The couple's home had damage from Tropical Storms Beryl and Debbie last summer, and they claim an independent insurance adjuster hired by their insurance company, Florida Peninsula, low-balled their claim because they were gay.
The couple is suing. Their attorney says the insurance company is trying to dismiss the case, but the group Equality Florida is trying to use the allegations in this case as an example of why new anti-discrimination laws are needed in Florida.
Dr. Holly Hamilton said she had no idea being gay could keep her from collecting an insurance claim. In November, she talked about what she and her partner have been going though in trying to collect on a claim for damage done during the two tropical storms.
She said an adjuster hired by Florida Peninsula Insurance Company wanted nothing to do with them because they are a gay couple living together as life partners.
"I was astonished. I was absolutely astonished," Hamilton said in November. "I did not think that type of hatred could make someone do their job so poorly."
Hamilton is still trying to collect thousands in insurance claims, and filed a suit claiming breach of contract, bad faith and infliction of emotional distress.
Equality Florida is weighing in on the case. It's one of the state's largest civil rights organizations dedicated to securing gay rights. It's based in Tallahassee and has been around about 16 years. It released a statement that reads, "Discrimination has no place in our state, especially when it comes to putting lives back together after natural disasters."
The group goes on to say as more and more companies adopt policies banning anti-gay discrimination, Florida law fails to provide statewide protection.
Equality Florida says it is working with state lawmakers to introduce legislation this session that would ban practices like this from happening.
The couple's attorney, Jeffrey Greyber, says this action by Equality Florida is important.
"I don't think there is any place for sexual orientation discrimination, or any discrimination for that matter, especially in what is suppose to be professional settings as insurance claims adjustment and investigations," Greyber said.
Florida Peninsula Insurance Company denies the allegations of bias. It issued this statement: "We concur, discrimination has no place in our state or society. Florida Peninsula's number one goal is to treat all customers fairly and honestly, and we do. Unfortunately, Ms. Hamilton's attorneys are trying to make an insurance claim dispute over the amount required to repair her home into something that is simply not true."

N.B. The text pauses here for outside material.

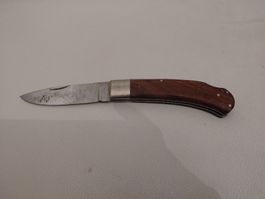 Klassisches Taschenmesser mit Holzgriff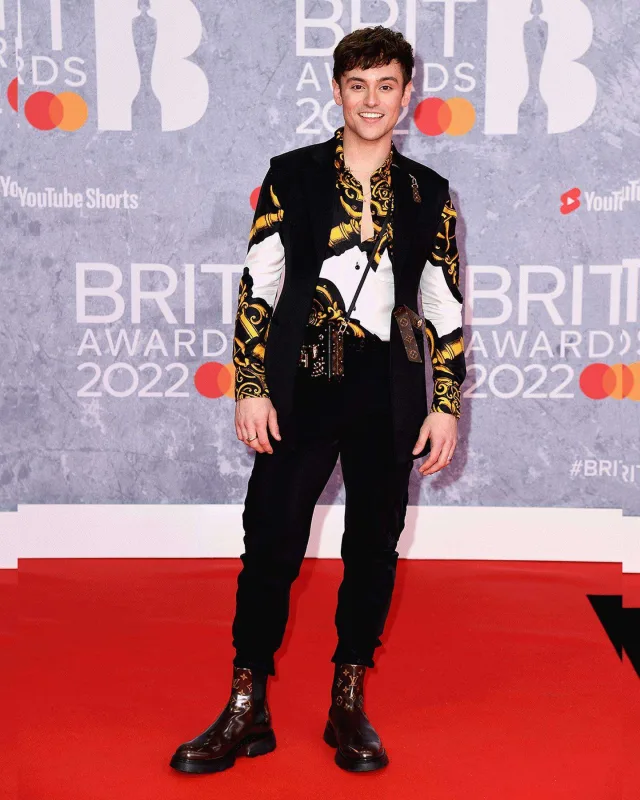 BRIT gecəsində geyimlər “danışdı” - FOTOLAR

Florida Peninsula has asked the court to dismiss all allegations unrelated to the property insurance claim.
Hamilton and her partner are still waiting for their day in court, and are still waiting for their home to be repaired.
"I really felt like people have differences, but this is my home, this is where I live, and I did not ask for this," Hamilton said.
The insurance company is still trying to dismiss the case, but no court date has been set yet on the motion to dismiss.